◆ ACTION ITEM ◆
Could you retype every line of the data underneath without altering anything?

---------- GIVEN INFORMATION ----------

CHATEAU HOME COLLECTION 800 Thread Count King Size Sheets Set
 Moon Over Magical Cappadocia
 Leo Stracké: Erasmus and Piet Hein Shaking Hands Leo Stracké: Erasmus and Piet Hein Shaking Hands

----------

◆ EXPECTED ANSWER ◆
CHATEAU HOME COLLECTION 800 Thread Count King Size Sheets Set
 Moon Over Magical Cappadocia
 Leo Stracké: Erasmus and Piet Hein Shaking Hands Leo Stracké: Erasmus and Piet Hein Shaking Hands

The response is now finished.